Associadas a esta vertente regulatória, estiveram também medidas muito importantes, como sejam o ambicioso programa de implementação de parcerias público-privadas; a desvalorização do kwanza, que logrou conseguir uma maior estabilidade macroeconómica e fortalecer as reservas cambiais; e os esforços em ultrapassar a dependência do setor petrolífero e diversificar a economia. E não se pode esquecer também o resultado do Índice de Transparência e Corrupção 2020, no qual Angola subiu 25 lugares nos últimos três anos.

Mas provavelmente a medida mais marcante foi o lançamento, em 2019, de um ambicioso programa de privatizações, o PROPRIV.

Trata-se de um programa para privatização, até 2022, de 195 participações, direta ou indiretamente, detidas pelo Estado angolano. Os ativos a privatizar são de todos os tipos, setores e dimensões. Desde as unidades industriais da ZEE, até participações na banca, seguros, telecomunicações, construção, cervejeiras, têxteis e nos gigantes Sonangol e Endiama.

Para além de todas as outras importantes medidas a nível regulatório, o PROPRIV contou também com a aprovação da Lei de Bases das Privatizações e a entrada em funcionamento da BODIVA (Bolsa de Dívida e Valores de Angola), ambos fundamentais para assegurar a eficiência, clareza e transparência do processo.
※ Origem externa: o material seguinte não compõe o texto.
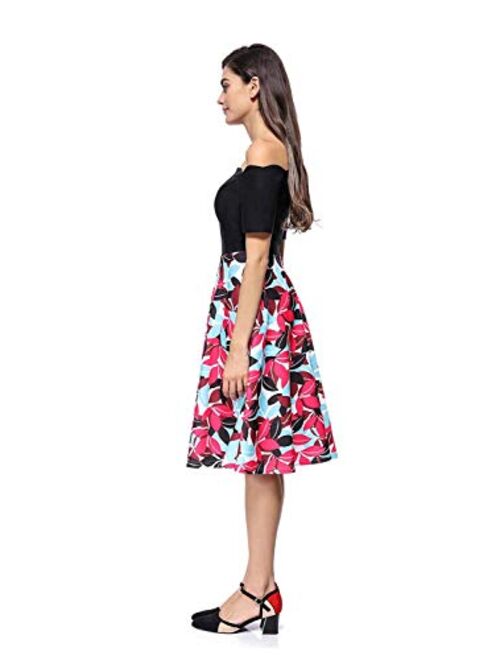 Edutitta Women's Off Shoulder High Waist Vintage Ruffle Floral Flared A Line Swing Casual Cocktail Party Evening Dresses
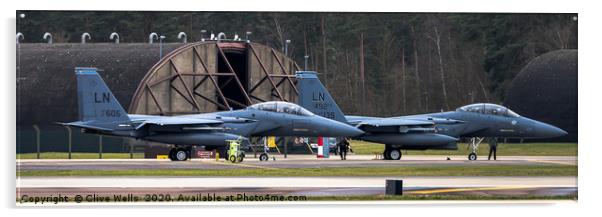 A pair of Eagles at RAF Lakenheath Acrylic by Clive Wells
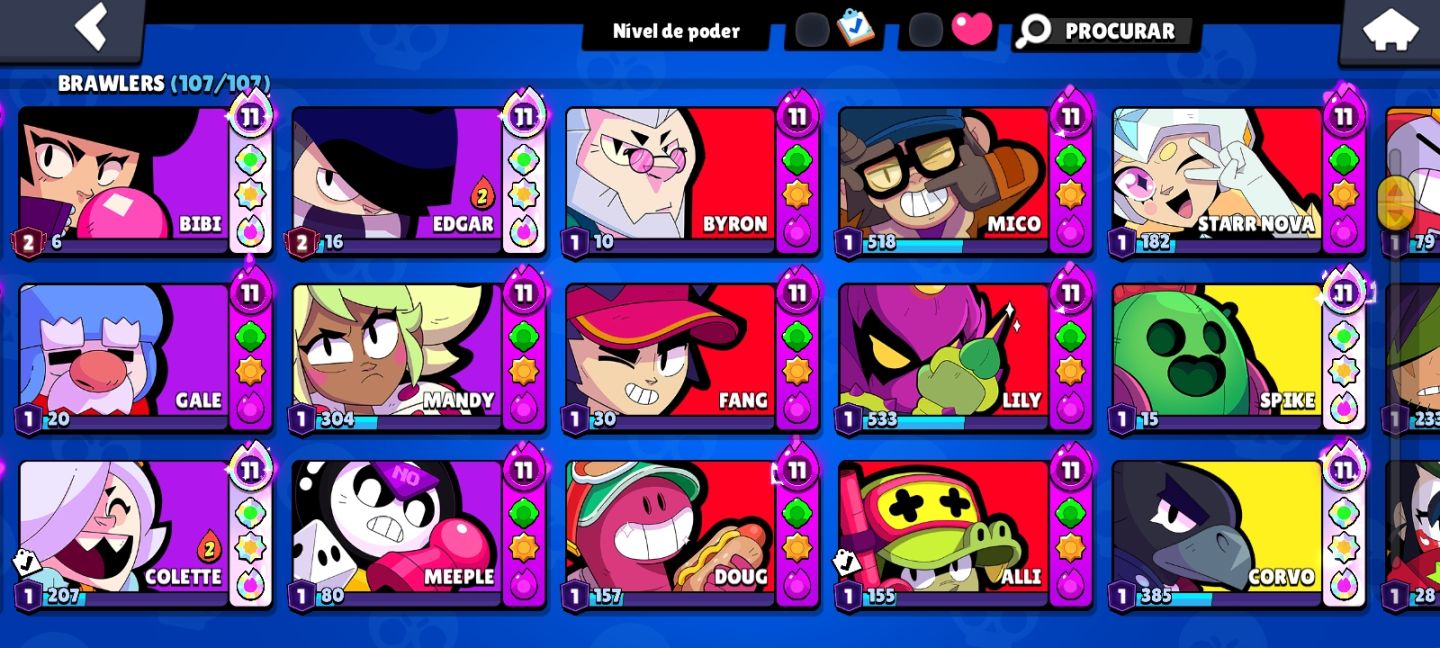Conta de brawl stars com mais de 100k todos os personagens e muitos Prestígios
Estes diplomas preveem que as privatizações se concretizem através de concurso público (com e sem prévia qualificação) e venda em bolsa (por leilão ou oferta pública inicial).
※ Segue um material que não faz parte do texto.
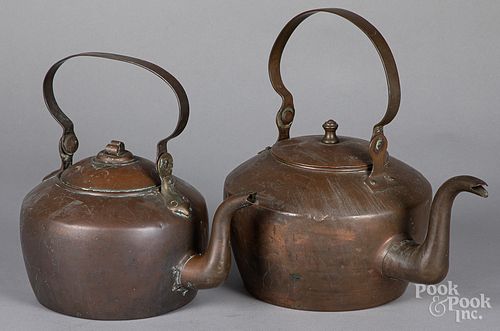 TWO AMERICAN COPPER KETTLES, 19TH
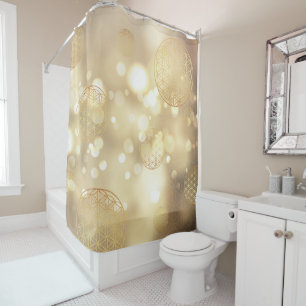 Flower of life gold sparkle duschvorhang
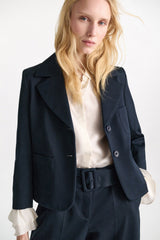 Dorothee Schumacher Cropped Cotton Blazer in Navy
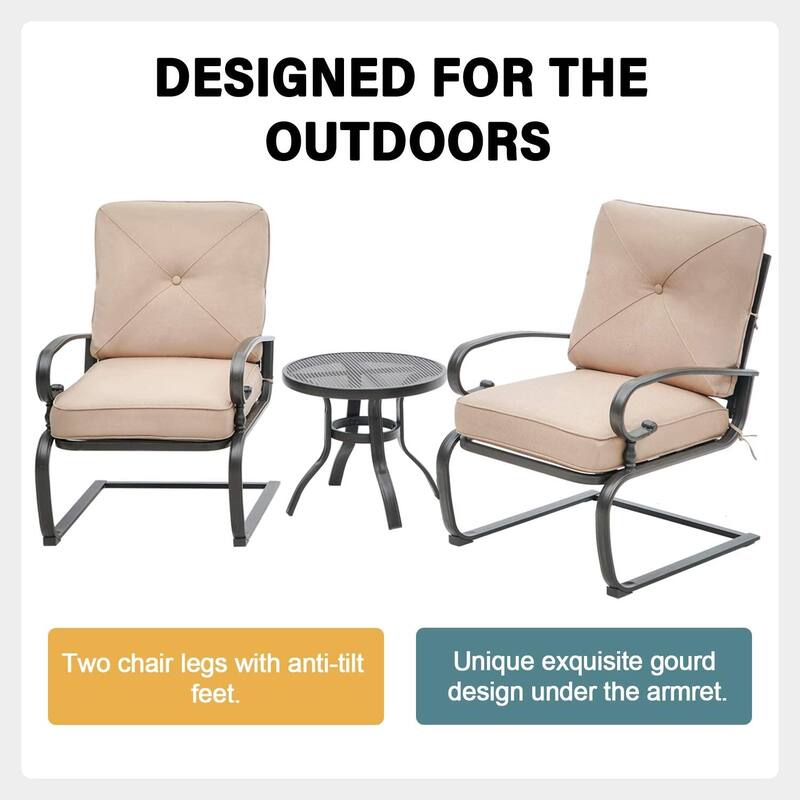 Nista 3-piece Outdoor Spring Metal Bistro Set by Havenside Home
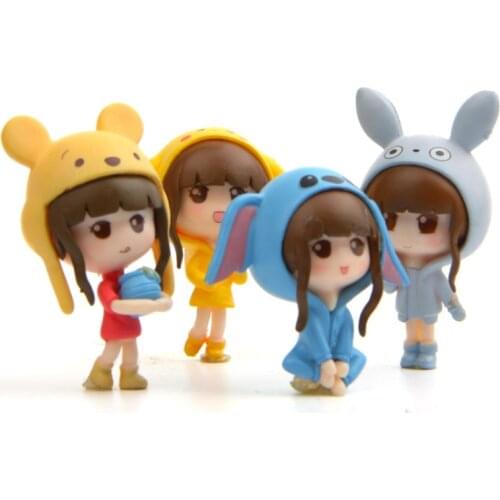 4pcs Cosplay Girl Miniature Fairy Garden Home Decoration Mini Doll Toy Craft Dollhouse Micro Decor DIY Gift Drop Shipping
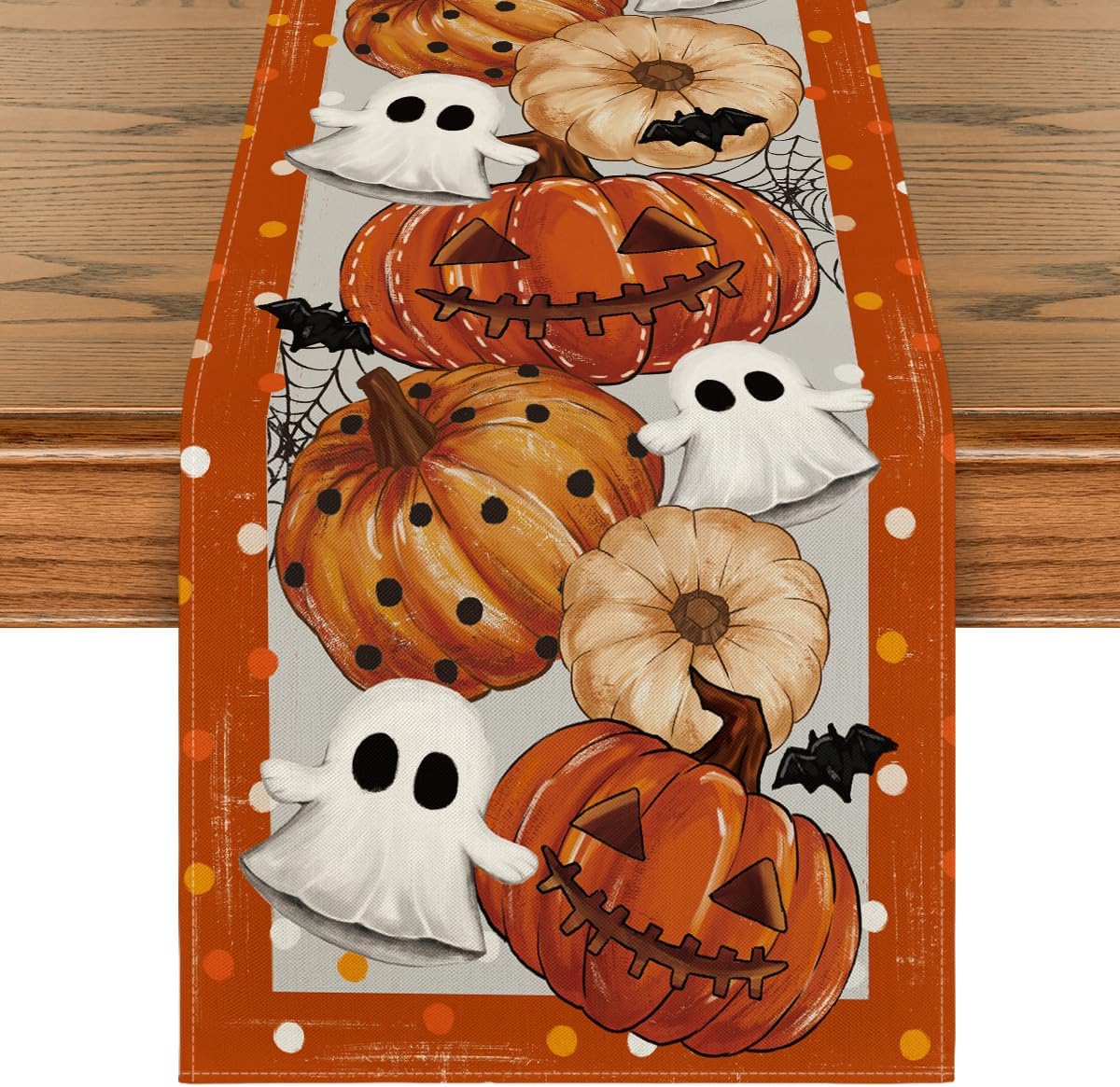 Artoid Mode Halloween Orange Pumpkin Ghost Table Runner 13x72 Inch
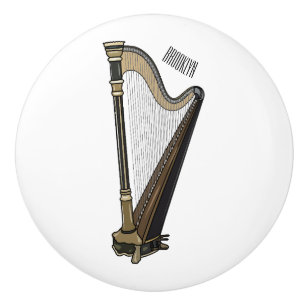 Pomo De Cerámica Ilustracion Harp personalizado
Até agora foram concluídas 36 privatizações e todas por concurso público. E esperam-se para breve as privatizações de participações em ativos de maior dimensão, incluindo, ainda em 2021, no banco BCI, na seguradora ENSA, na MS Telecom, na TAAG e, em 2022, na Sonangol e Endiama, tendo sido anunciado que todas estas serão feitas em bolsa, através de leilão ou oferta pública inicial.

Tudo isto cria grandes oportunidades e expectativas para potenciais investidores. E se por um lado não se pode deixar de louvar tudo o que o Estado angolano tem feito para criar a confiança necessária ao sucesso da política de fortalecimento do setor privado, por outro, existem ainda desafios e problemas a ultrapassar.

A questão das reservas cambiais, embora tenha melhorado muito, continua a não ser um problema menor para os investidores que pretendem ter a possibilidade de repatriar o produto dos seus investimentos. Tão-pouco é a circunstância da BODIVA ainda não ter empresas cotadas e de a maior parte das grandes empresas angolanas terem ainda de se preparar para as exigências de informação e transparência de uma empresa cotada em bolsa. A própria implementação do PROPRIV previa-se que pudesse ter outra dinâmica.

Mas apesar dos desafios, o certo é que estão criadas as condições para o crescimento da participação do setor privado e, ainda mais importante, existe vontade política de o fazer. Do lado do Estado é preciso que mantenha o curso e vá corrigindo as imperfeições. Os investidores privados, por seu turno, deverão preocupar-se em estruturar de forma adequada os seus investimentos, identificando e mitigando os riscos.